-- The input follows --
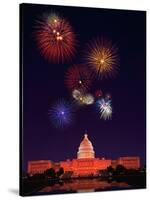 United States Capitol Building and Fireworks-Bill Ross-Stretched Canvas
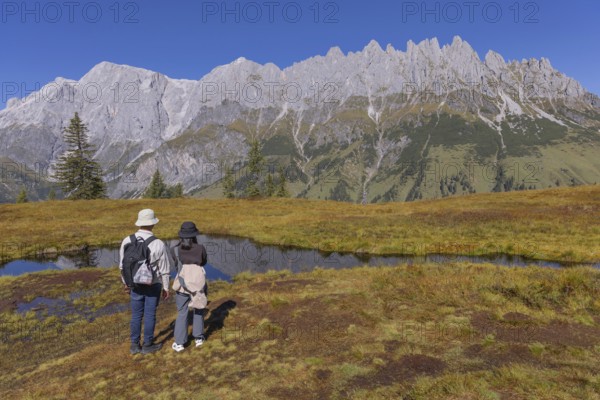 Landscape panorama, Hochkönig, mountains, Salzburg, autumn, reflection, tourists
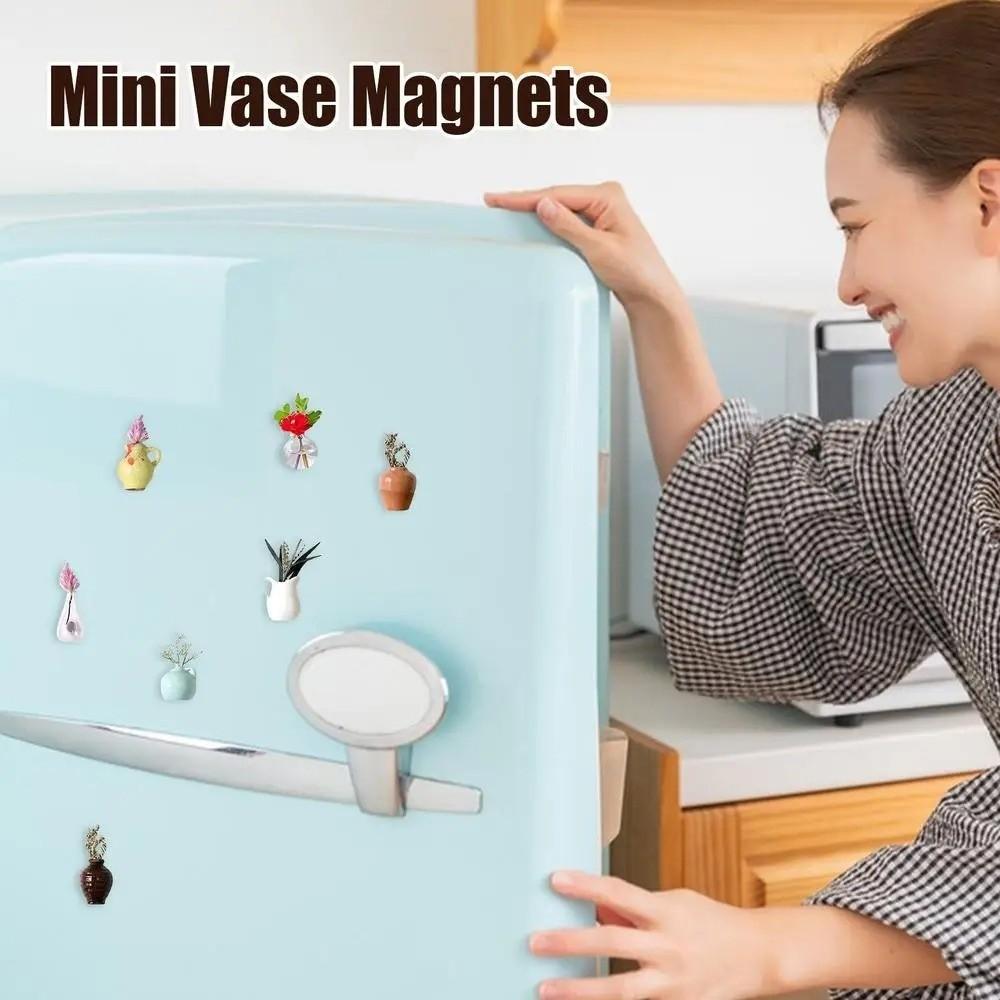 Unique Vase Refrigerator Magnet Decorative Flower Arrangement Vase 3D Vase Magnet Office Decor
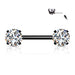 Black Round CZ Ends Push in Nipple Barbells - 1202 Body Jewelry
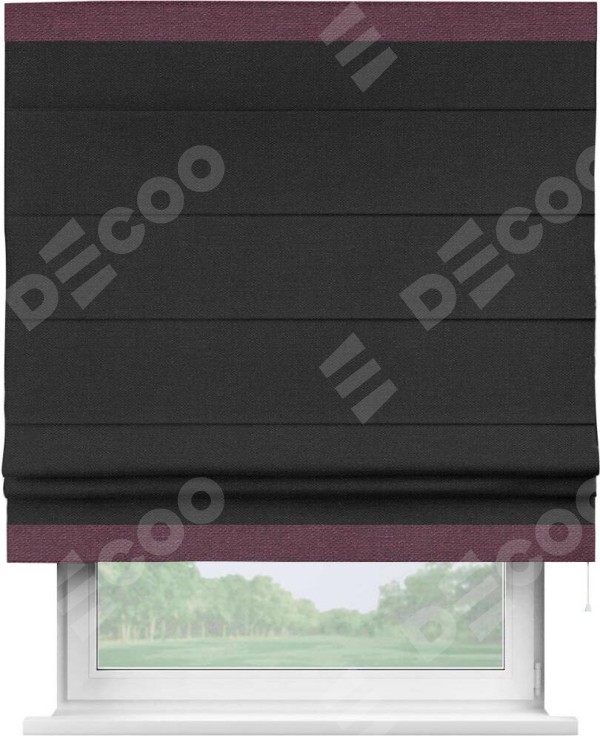 Римская штора «Кортин» с кантом Горизонт, для проема, ткань лён черный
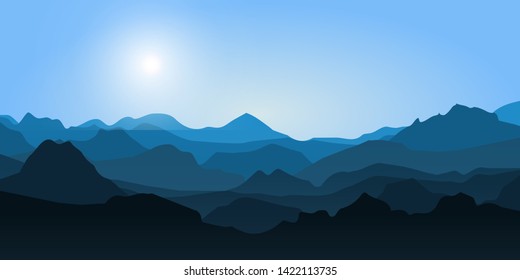 panorama of the mountain landscape. sunny day on highlands. clear sky and bright sun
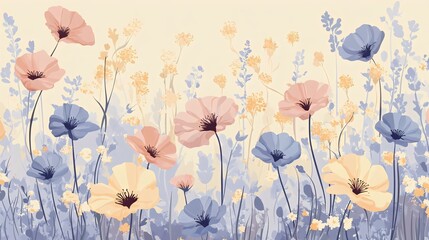 Naklejka premium A beautiful illustration of blooming flowers, showcasing pastel colors in a dreamy landscape. Perfect for spring and floral designs.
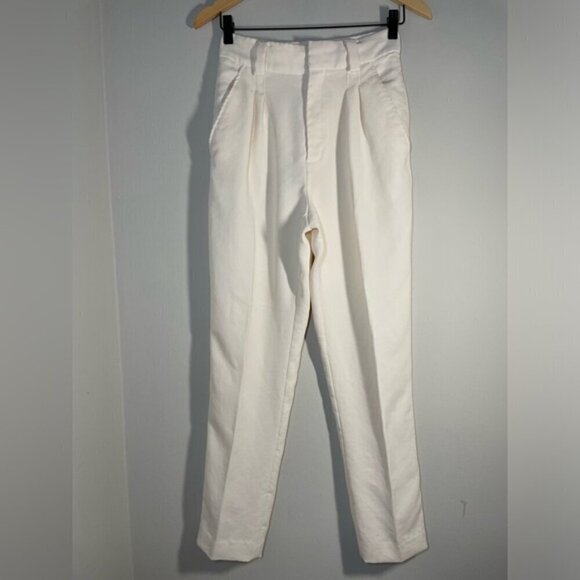 Ba&sh White High Waist Lady Dress Pants size 0 - Picture 4 of 10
-- The input concluded --
Output verbatim the lines beginning at the line with "Unique Vase Refrigerator" and ending at the last line of the material above, inclusive. Do not carry over any pictures.

_Exercise answer_
 Unique Vase Refrigerator Magnet Decorative Flower Arrangement Vase 3D Vase Magnet Office Decor
 Black Round CZ Ends Push in Nipple Barbells - 1202 Body Jewelry
 Римская штора «Кортин» с кантом Горизонт, для проема, ткань лён черный
 panorama of the mountain landscape. sunny day on highlands. clear sky and bright sun
 Naklejka premium A beautiful illustration of blooming flowers, showcasing pastel colors in a dreamy landscape. Perfect for spring and floral designs.
 Ba&sh White High Waist Lady Dress Pants size 0 - Picture 4 of 10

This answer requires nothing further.